音频分析：该模型能够根据文本指令分析音频信息，包括语音、声音、音乐等。
多语言支持：该模型支持超过8种语言和方言，例如中文、英语、粤语、法语、意大利语、西班牙语、德语和日语。

模型链接：

Qwen2-Audio-7B-Instruct

https://www.modelscope.cn/models/qwen/Qwen2-Audio-7B-Instruct

代码示例：

语音聊天推理

from io import BytesIO
from urllib.request import urlopen
import librosa
from transformers import Qwen2AudioForConditionalGeneration, AutoProcessor
from modelscope import snapshot_download
import torch

model_dir = snapshot_download("Qwen/Qwen2-Audio-7B-Instruct")
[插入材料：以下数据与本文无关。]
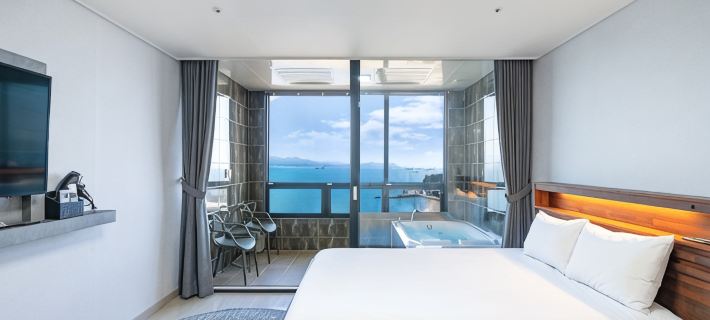 Yeosu le Paradis Ocean View Spa Pension Hotele w: Yosu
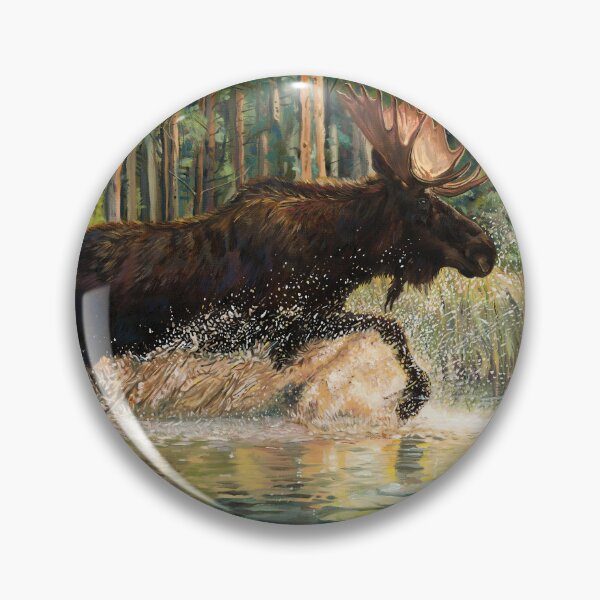 Item preview, Charging Moose - Canadian Forest Fine Art designed and sold by DevinRenaud.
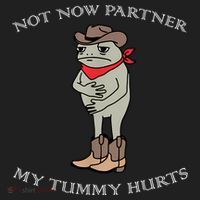 Not Now Partner My Tummy Hurts Women's Sweatshirt thumb 2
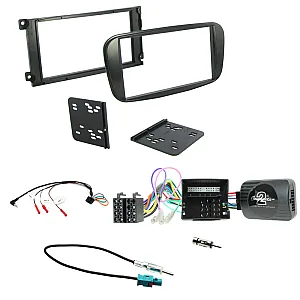 Ford Focus, Galaxy, Kuga, Mondeo, S-Max Piano Black Double Din Fascia Fitting Kit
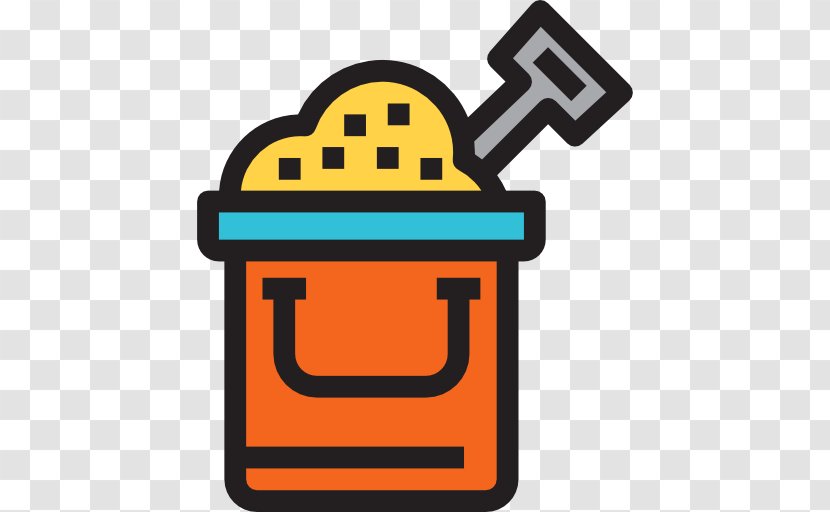 Bucket Sand Icon - Scalable Vector Graphics Transparent PNG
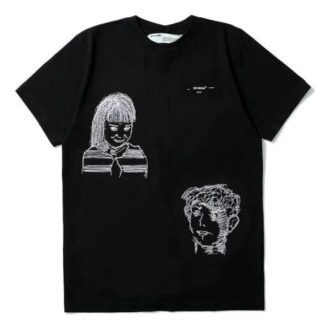C/O VIRGIL ABLOH Imprimé petits motifs, Shorts, version standard, noir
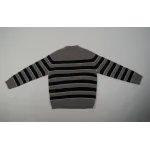 High Quality TRIOMPHE CREW NECK SWEATER IN STRIPED WOOL LIGHT REY/BLACK 2AE4B896T.06BK (Free Shipping)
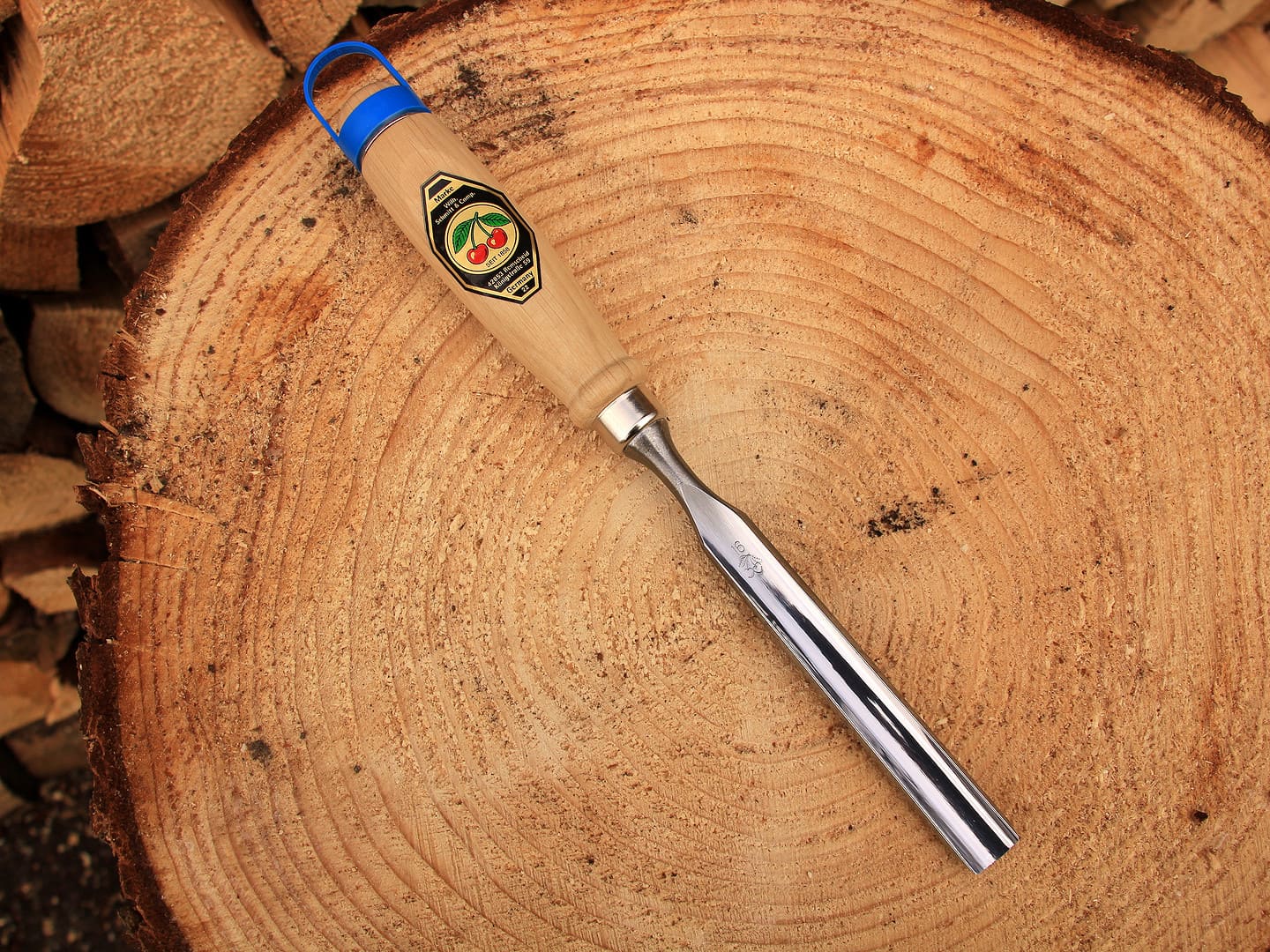 Kirschen Hohlbeitel mit Weißbuchenheft - 16mm Kirschen Hohlbeitel mit Weißbuchenheft - 16mm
processor = AutoProcessor.from_pretrained(model_dir)
model = Qwen2AudioForConditionalGeneration.from_pretrained(model_dir, device_map="auto",torch_dtype=torch.bfloat16)

conversation = [
    {"role": "user", "content": [
        {"type": "audio", "audio_url": "https://qianwen-res.oss-cn-beijing.aliyuncs.com/Qwen2-Audio/audio/guess_age_gender.wav"},
    ]},
    {"role": "assistant", "content": "Yes, the speaker is female and in her twenties."},
    {"role": "user", "content": [
        {"type": "audio", "audio_url": "https://qianwen-res.oss-cn-beijing.aliyuncs.com/Qwen2-Audio/audio/translate_to_chinese.wav"},
    ]},
]
text = processor.apply_chat_template(conversation, add_generation_prompt=True, tokenize=False)
audios = []
for message in conversation:
    if isinstance(message["content"], list):
        for ele in message["content"]:
            if ele["type"] == "audio":
                audios.append(librosa.load(
                    BytesIO(urlopen(ele['audio_url']).read()), 
                    sr=processor.feature_extractor.sampling_rate)[0]
                )

inputs = processor(text=text, audios=audios, return_tensors="pt", padding=True)
inputs = inputs.to("cuda")

generate_ids = model.generate(**inputs, max_length=256)
generate_ids = generate_ids[:, inputs.input_ids.size(1):]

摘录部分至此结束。